■ Raw data
• • •

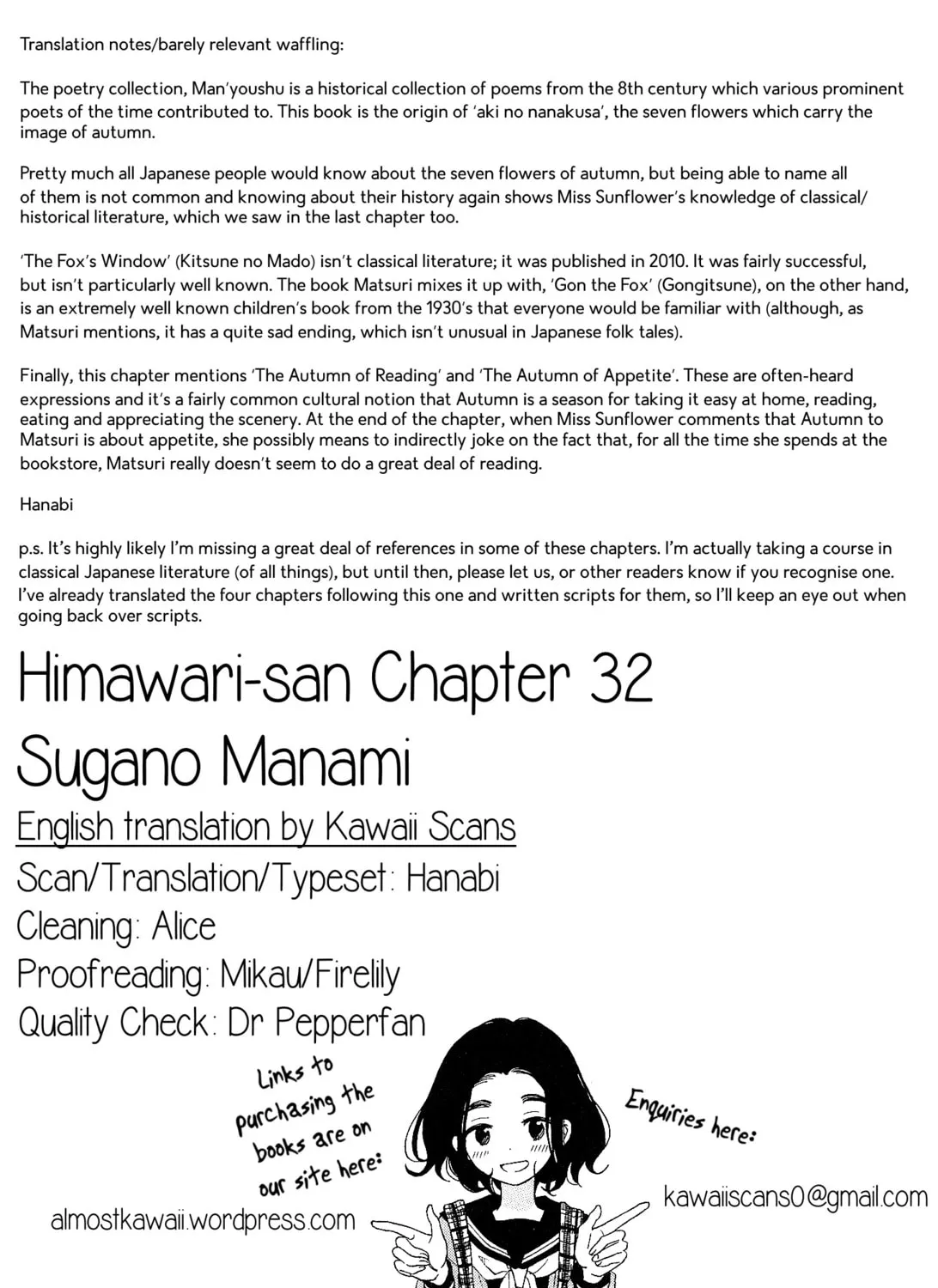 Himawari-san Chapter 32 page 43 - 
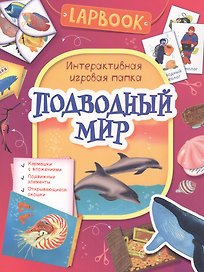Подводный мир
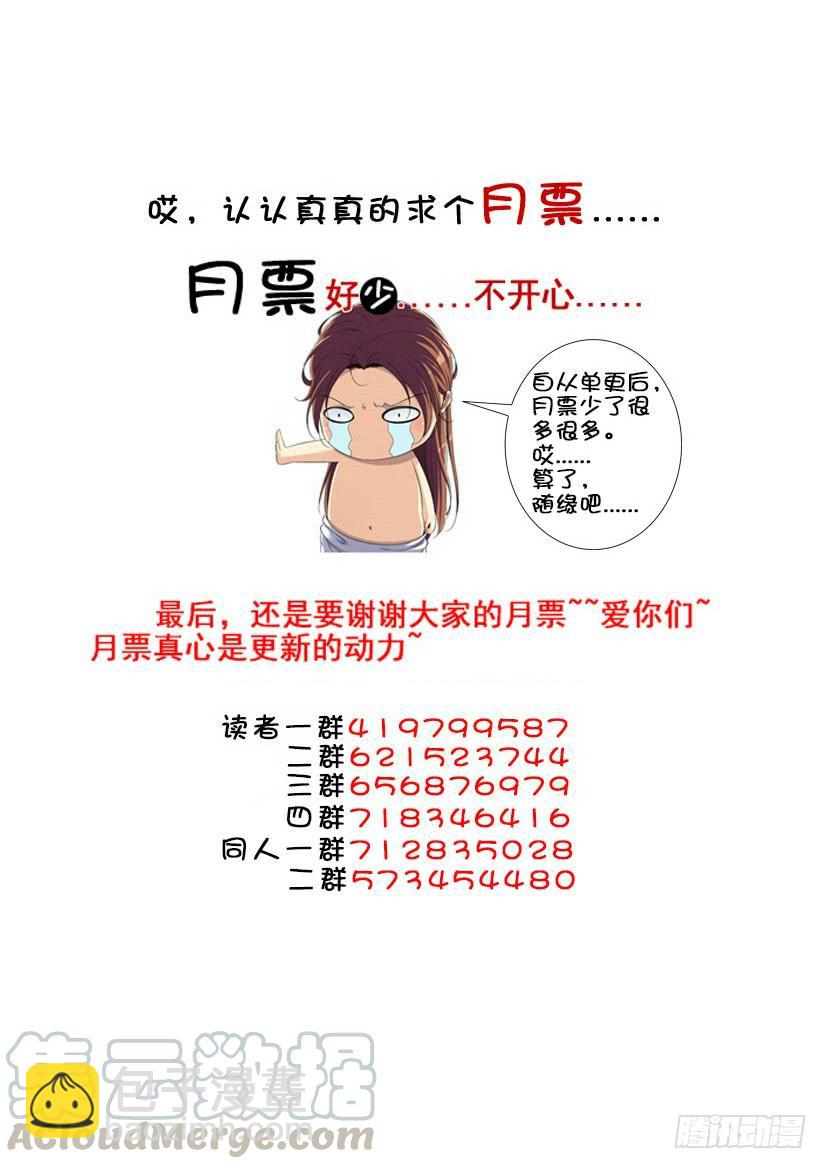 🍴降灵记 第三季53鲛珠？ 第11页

• • •

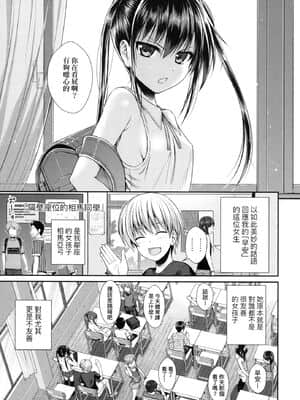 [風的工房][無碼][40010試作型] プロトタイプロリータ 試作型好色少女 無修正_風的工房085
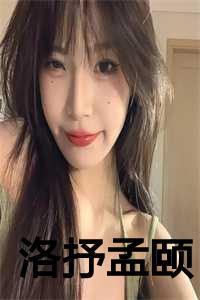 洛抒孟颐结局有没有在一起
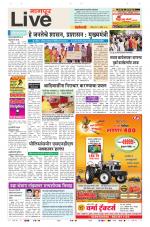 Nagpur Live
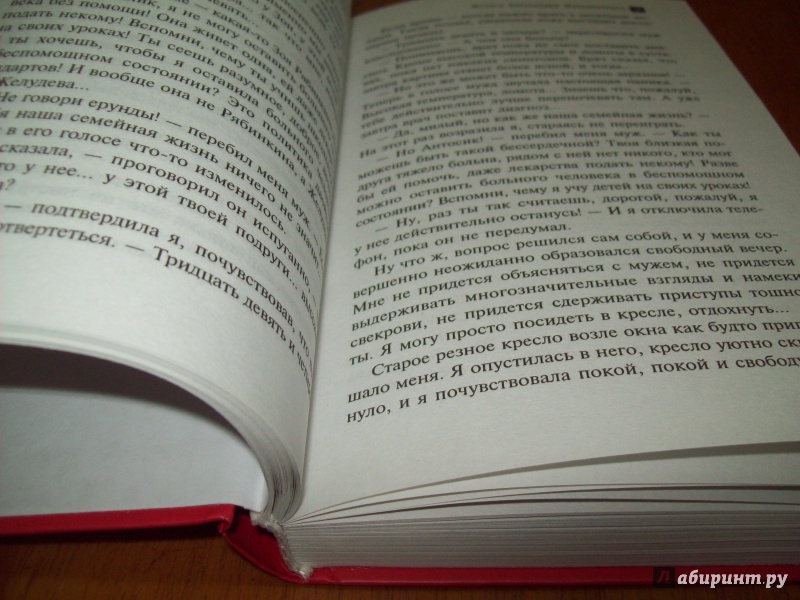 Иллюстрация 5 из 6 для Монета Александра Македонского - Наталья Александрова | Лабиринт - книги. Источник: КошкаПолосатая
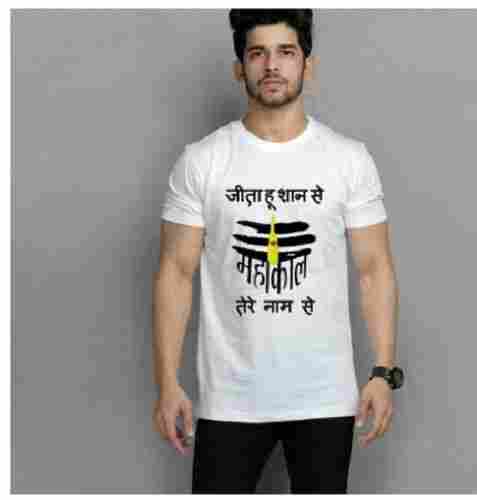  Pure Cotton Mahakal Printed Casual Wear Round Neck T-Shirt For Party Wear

• • •

Return the stretch of data that begins with the line showing "Nagpur Live" and goes on through the line showing "Pure Cotton Mahakal", exactly, with pictures removed.

 Nagpur Live
 Иллюстрация 5 из 6 для Монета Александра Македонского - Наталья Александрова | Лабиринт - книги. Источник: КошкаПолосатая
  Pure Cotton Mahakal Printed Casual Wear Round Neck T-Shirt For Party Wear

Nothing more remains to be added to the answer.